Cannabis in Guyana is illegal for all uses, but is both grown and consumed in the nation. Possession of 15 grams or more can result in charges of drug trafficking.

==History==
===Indian community===
As in other parts of the British Caribbean, arriving indentured labourers from India brought the custom of smoking ganja with them, but this habit had fallen from fashion by the early part of the 20th century.

===Early legislation===
In 1861, British Guiana passed a law entitled An Ordinance to Regulate the Sale of Opium and Bhang.

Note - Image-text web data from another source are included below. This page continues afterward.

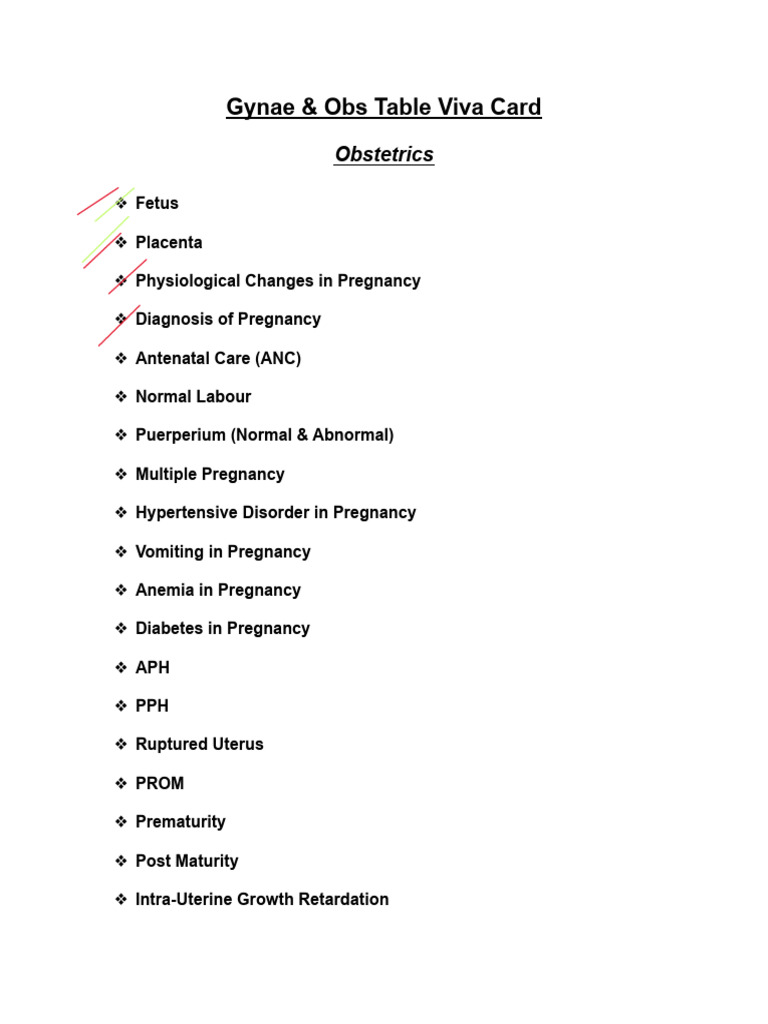 Comprehensive Gynae & Obs Study Guide | PDF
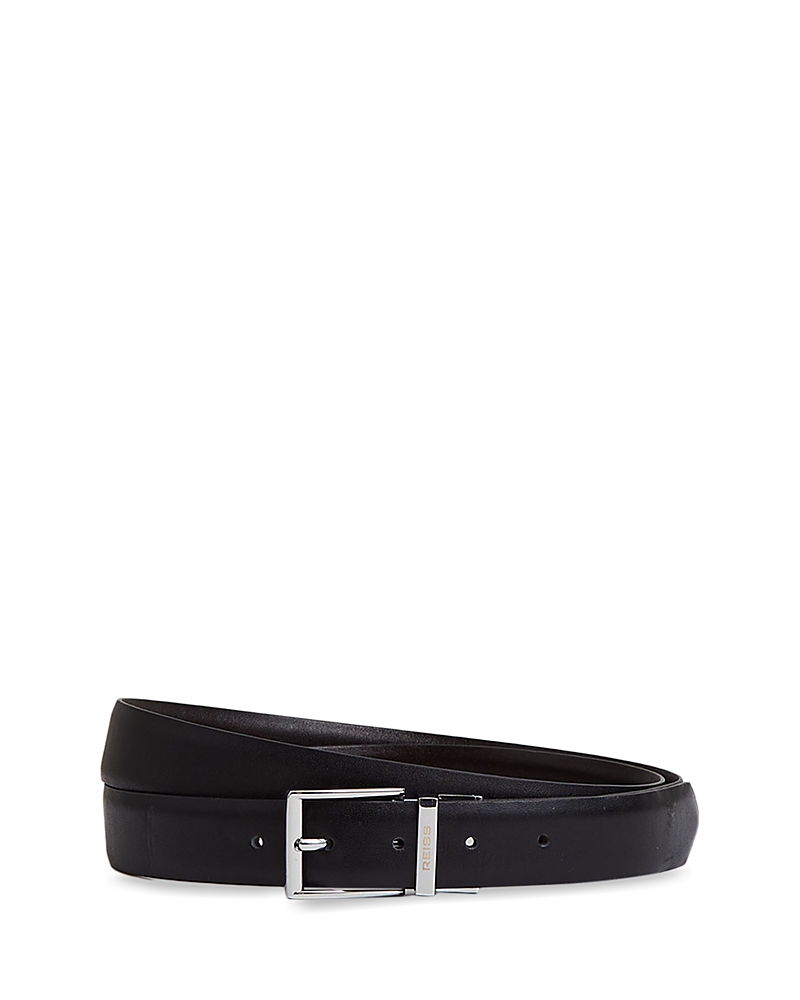 Reiss Mens Black Brown Reign Interchangeable-buckle Reversible Leather Belt In Black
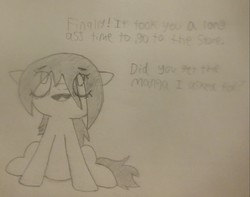 Size: 1607x1266 | Tagged: artist needed, safe, oc, oc only, oc:floor bored, earth pony, pony, 4chan, dialogue, female, mare, monochrome, sitting, solo, traditional art
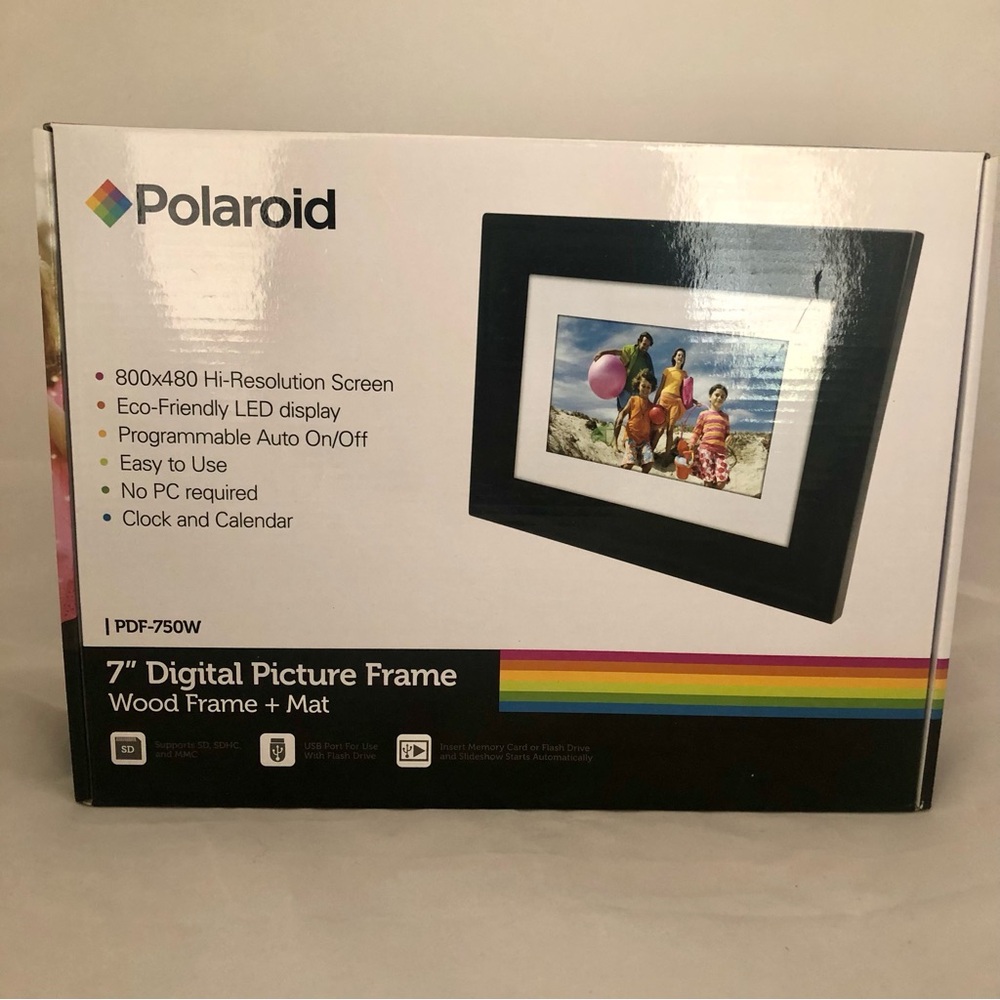 Polaroid 7-Inch Digital Frame with Wood Finish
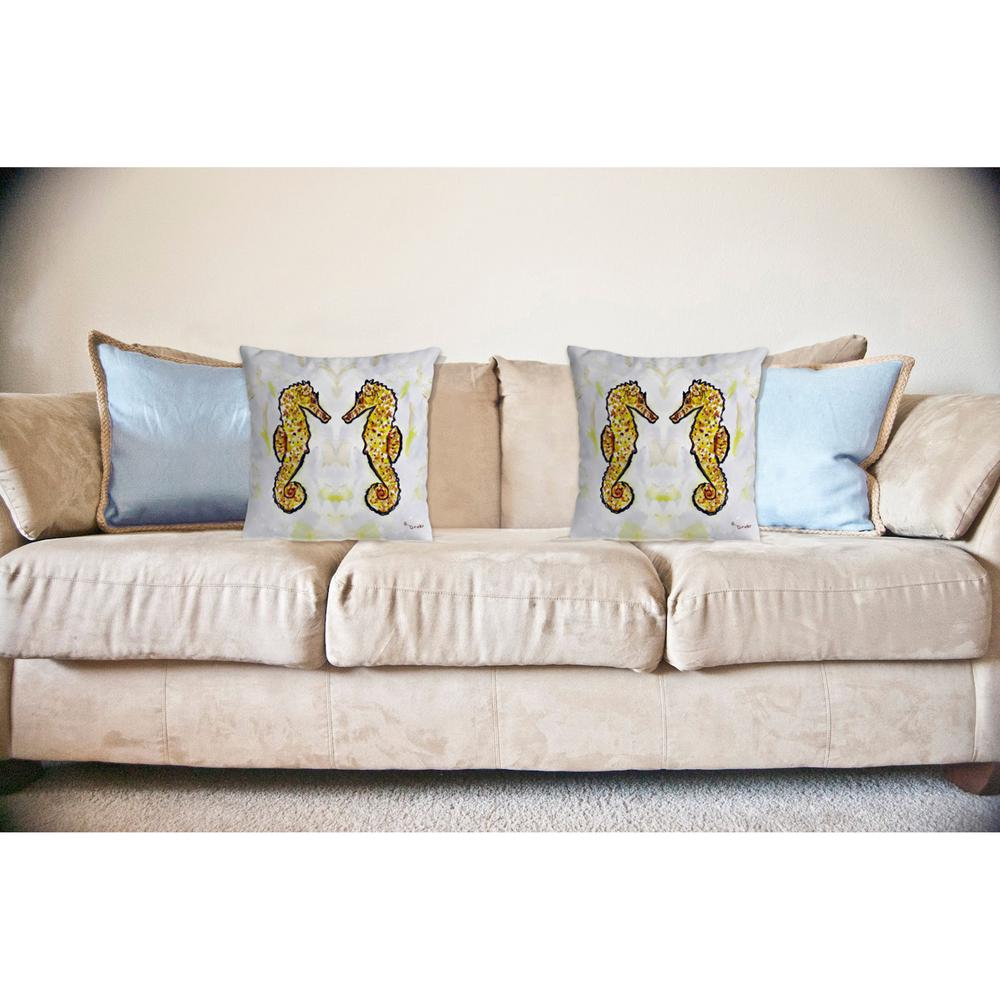 Gold Sea Horses No Cord Pillow 18x18. Picture 2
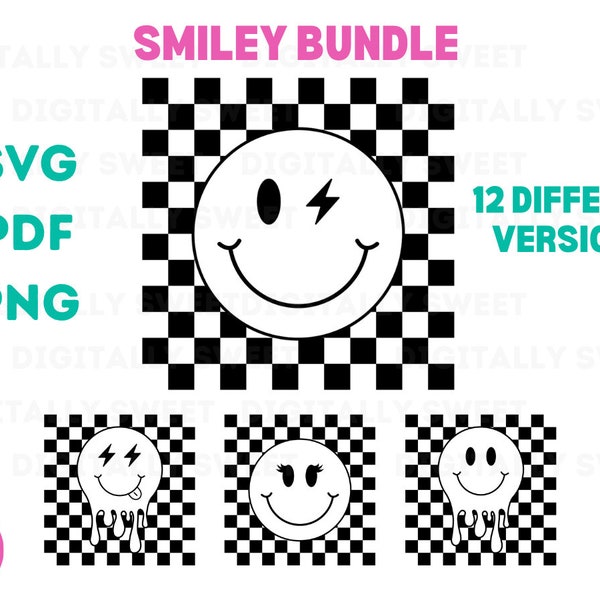 Smiley Face Cut File Bundle Checkered Smiley Face Cut Files Lightning Bolt SVG Checker board PDF Clipart Design Smiling Shirt Art Bundles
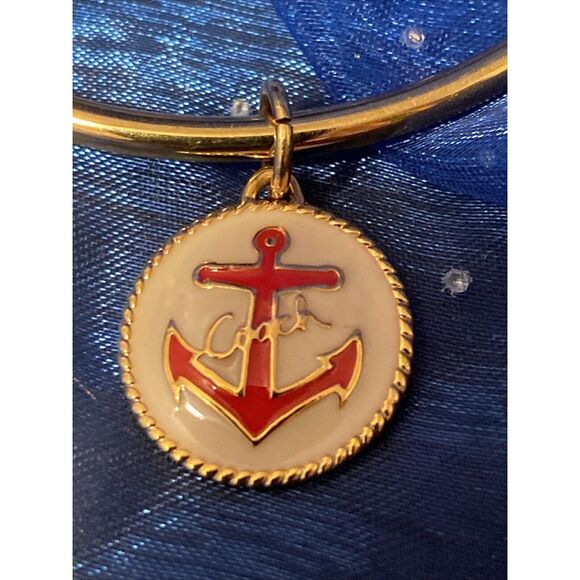 Signed Coach Bangle NY Rose Gold Colored Cuff Bracelet With Anchor Charm size 7. - Picture 4 of 8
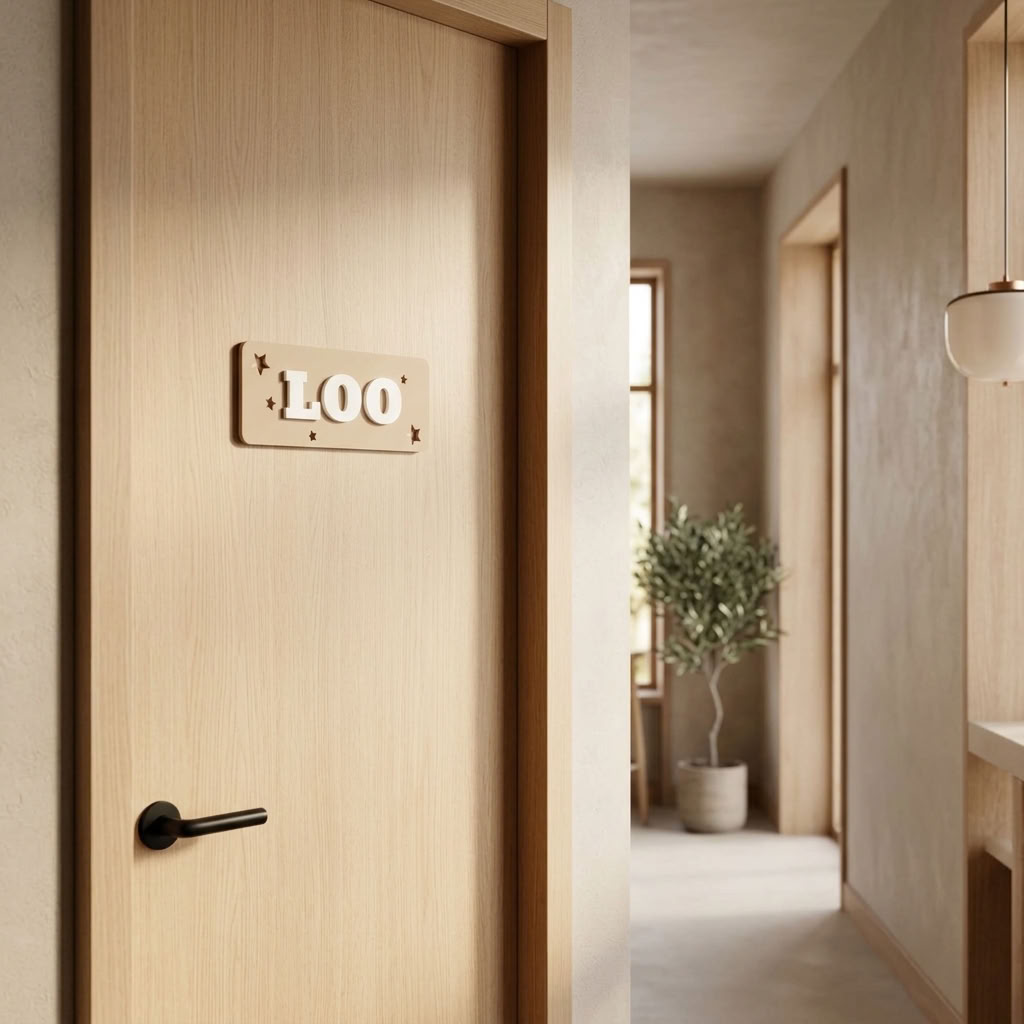 Beige bathroom door plaque for homes, offices, restaurants and customer toilet areas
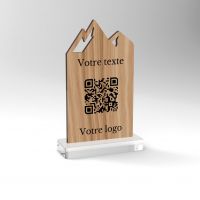 Chevalet chêne montagne - Support QR Code pour restaurant vue2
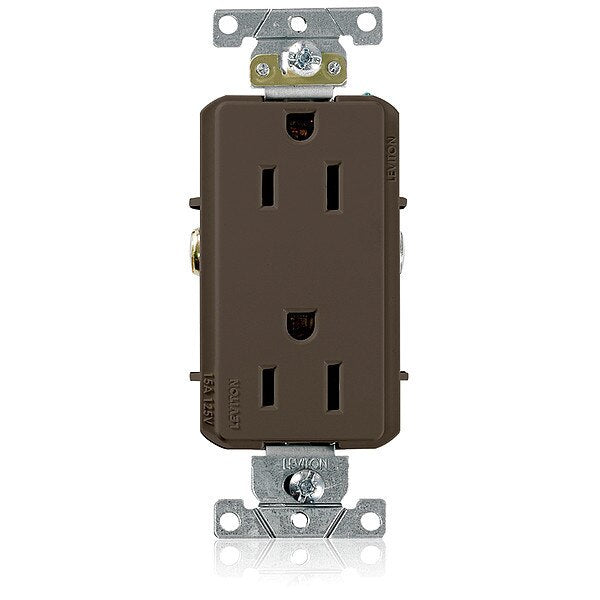 Receptacle, 15 A Amps, 125VAC, Decorator Duplex Outlet, 5-15R, Brown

===Indian Hemp Ordinance===
British Guiana passed its Indian Hemp Ordinance in 1913.

===Rastafarian usage===
In the 1970s, the Rastafari philosophy gained popularity in Guyana, and along with it came an increased interest in cannabis. In 2015, Guyanese Rastafarians staged a demonstration at the Attorney General's office calling for the decriminalization of cannabis, spurred by the recent arrest of former football star Vibert Butts.

==Prevalence==
The 2006 UN World Drug Report estimated that 2.6% of Guyanese age 15-64 had used cannabis that year, and as of 2009 it was reported as the most prevalent drug in the country.

==Production==
Cannabis is generally sold within Guyana, rather than trafficked abroad. Its cannabis grows year-round, and is of a high grade, but is largely consumed locally rather than exported.

==Enforcement==
Anti-cannabis operations are conducted by both the drug enforcement unit (founded in 1975) of the Guyana Police Force and by the Guyana Defence Force.

In 1987, a Guyanese Member of Parliament was arrested in Fort Lauderdale, Florida, for possession and sale of cannabis.